L’empereur Julien a régné de novembre 361 à juin 363. Durant l’hiver 362, alors qu’il réside depuis plusieurs mois dans la cité d’Antioche, Julien rédige un « coup de gueule intemporel » (l’expression est d’ Aude de Saint-Loup dans son Introduction au Misopogon, 2003, VI), le Misopogon ou « l’ennemi de la barbe ».
Texte d’une grande singularité, le Misopogon est l’occasion, pour l’empereur, de régler ses comptes avec les Antiochéens. Julien s’y livre presque entièrement et, alors qu’il évoque son aspect physique et son mode de vie, il offre une courte description de Lutèce dans laquelle il séjourna durant les hivers 357, 358 et 359. De manière purement anecdotique, on relèvera que Julien souligne l’excellente qualité de consommation des eaux de la Seine.

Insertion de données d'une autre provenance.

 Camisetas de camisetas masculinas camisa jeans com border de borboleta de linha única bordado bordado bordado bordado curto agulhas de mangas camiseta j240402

Lutèce d’après l’empereur Julien, Misopogon, 7.
« Il se trouvait que je cantonnais, cet hiver-là, dans ma chère Lutèce : c’est ainsi que les Celtes désignent le fort des Parisiens. C’est une île de faible étendue au milieu du fleuve, et le rempart l’entoure en cercle de toute part; des ponts de bois, partis de chaque rive, y donnent accès. Il est rare que le fleuve baisse ou soit en crue ; en général, il a le même débit en hiver qu’en été et il fournit une eau très agréable et très pure à voir comme à boire si l’on en a envie : de fait, comme on vit dans une île, c’est surtout au fleuve que l’on doit prendre l’eau. L’hiver y est aussi plutôt tempéré, soit en raison de la chaleur venue de l’Océan (il n’en est pas éloigné de plus de 900 stades et parfois une légère brise issue de l’eau se transmet jusque-là, l’eau de mer semblant être plus tiède que l’eau douce), soit donc pour cette raison, soit pour une autre qui m’échappe, tel est le fait. Les habitants de la région ont un hiver plus ensoleillé. Il pousse chez eux une vigne de qualité, et d’aucuns sont déjà parvenus à y avoir des figuiers que l’on abrite, l’hiver, en les habillant, en quelque sorte, avec des paillons de blé ou encore avec tous ces revêtements du même ordre, dont on protège d’habitude les arbres contre les rigueurs de la température ».